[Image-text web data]

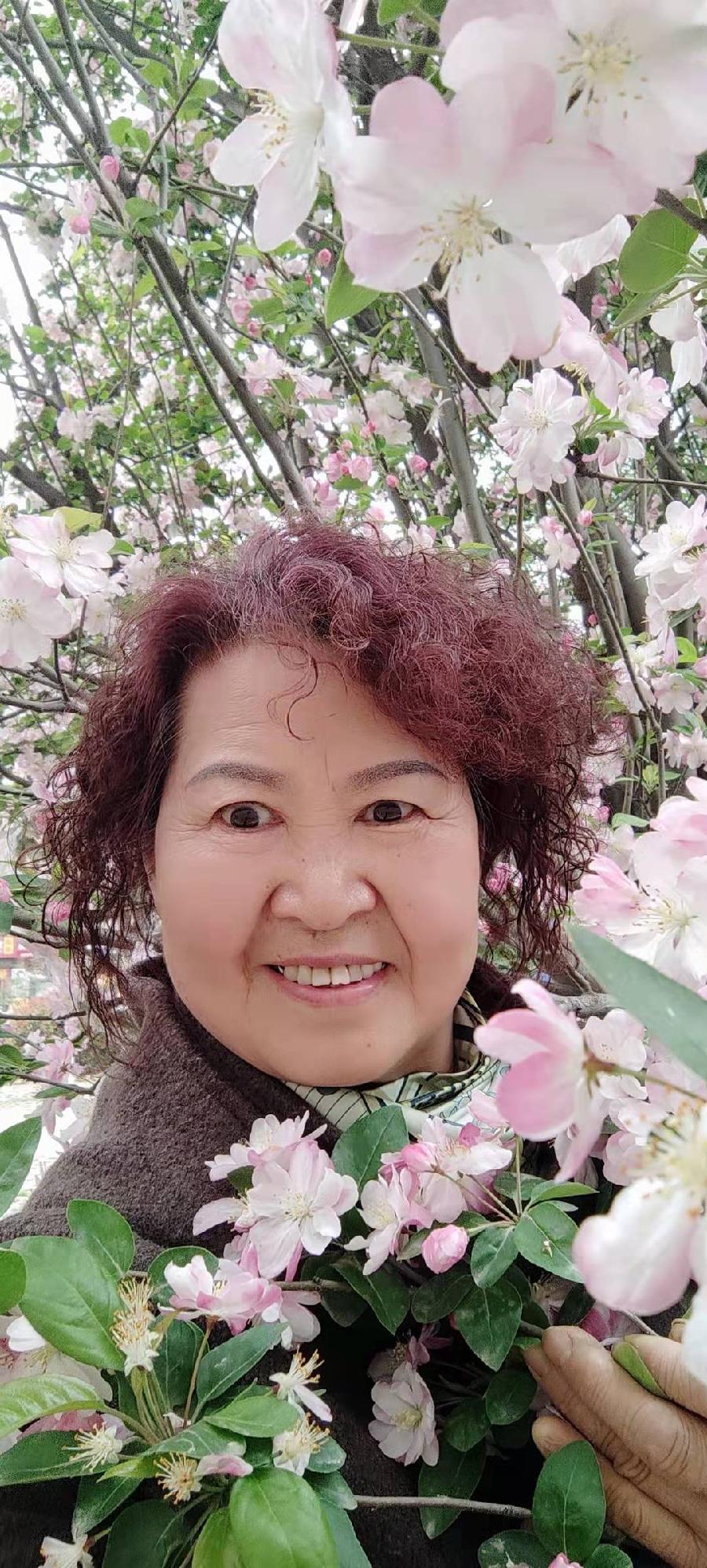 【雅诗总会】精品★藏头诗《百卉含英》(外十一首)‖作者:白莲/腊梅(图7)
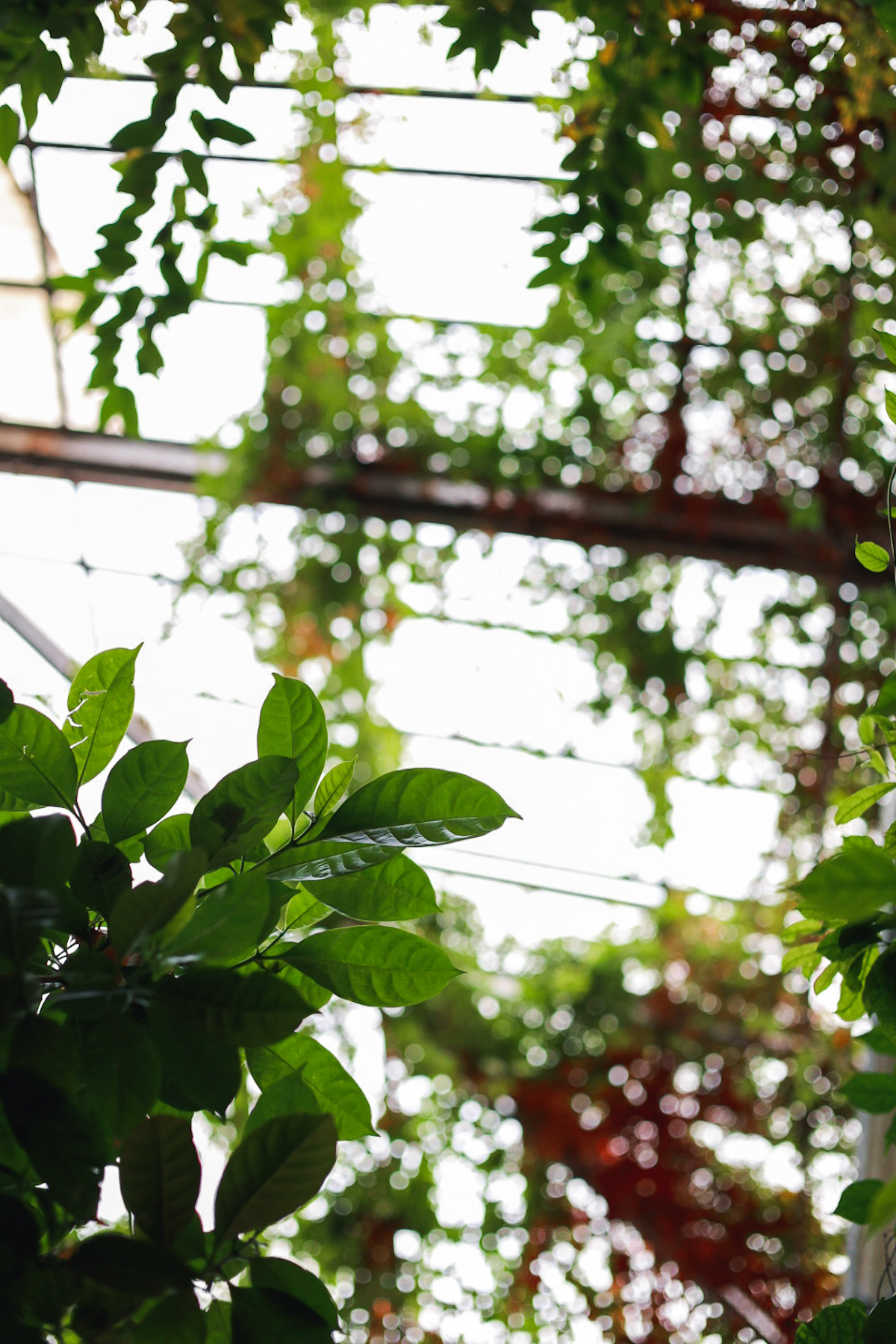 Беременная лавстори в Фондовой Оранжерее Ботанического сада в Москве. Портретный и семейный фотограф в Москве Мария Рослякова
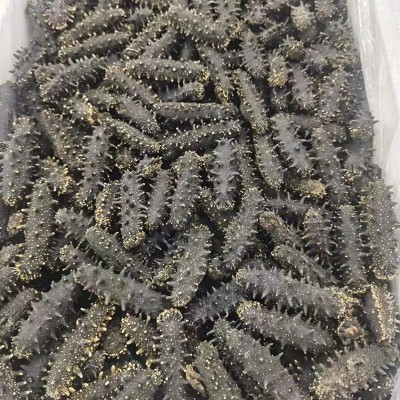 大连淡干海参厂家供应干货辽刺参50g干参礼盒非即食海参干货刺参图4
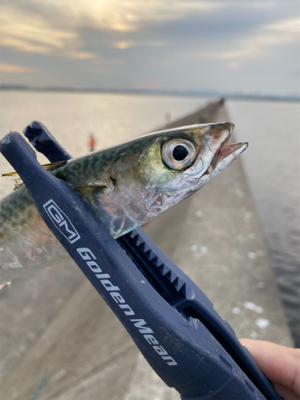 小鯖コサバ小鯖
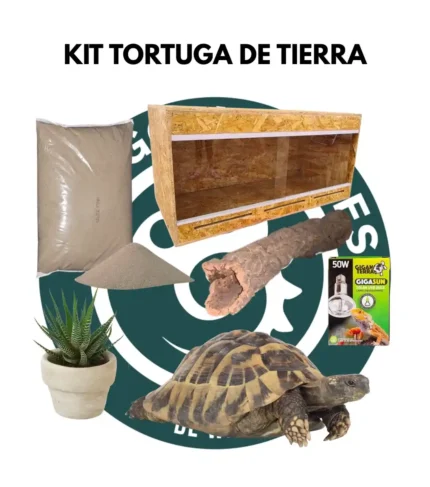 Kit tortuga de tierra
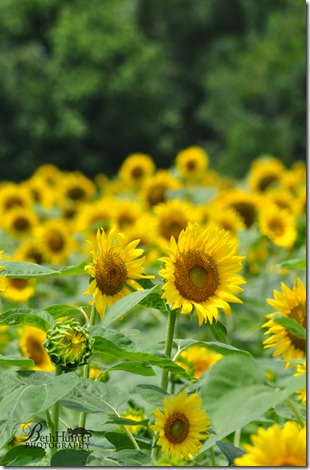 cr-sunflower-0078-crowd-wb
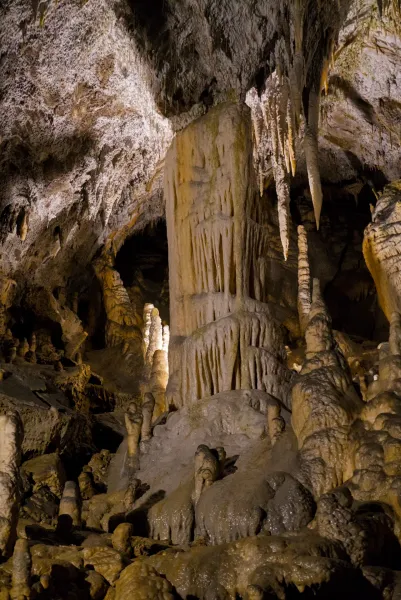 Captivating stalactites and stalagmites in Postojna Cave (Postojnska jama) create a natural artistic landscape.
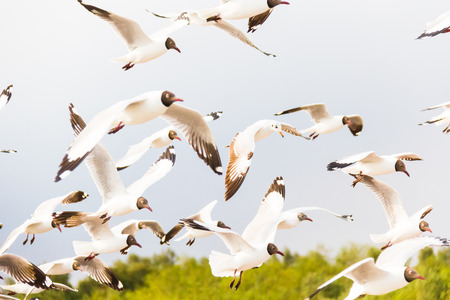 Flying white motion blur seagull in the nature sky background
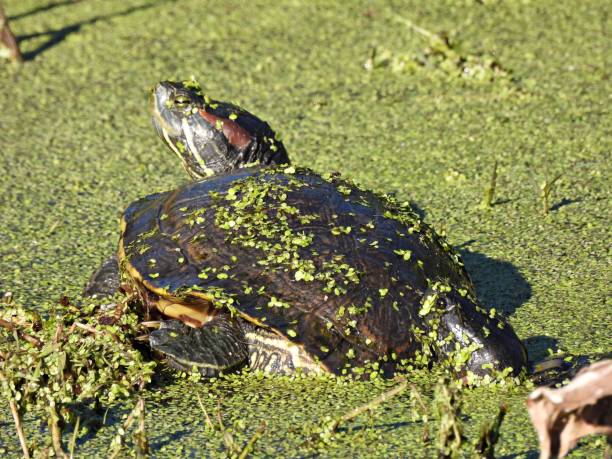 istock Red-eared slider Turtle (Trachemys scripta elegans) - resting in the duckweeds 1368131913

◆ How to complete this task
Could you write out, word for word, the lines from the one containing "cr-sunflower-0078-crowd-wb" through the last line of the records, leaving out the pictures?

◆ Result
 cr-sunflower-0078-crowd-wb
 Captivating stalactites and stalagmites in Postojna Cave (Postojnska jama) create a natural artistic landscape.
 Flying white motion blur seagull in the nature sky background
 istock Red-eared slider Turtle (Trachemys scripta elegans) - resting in the duckweeds 1368131913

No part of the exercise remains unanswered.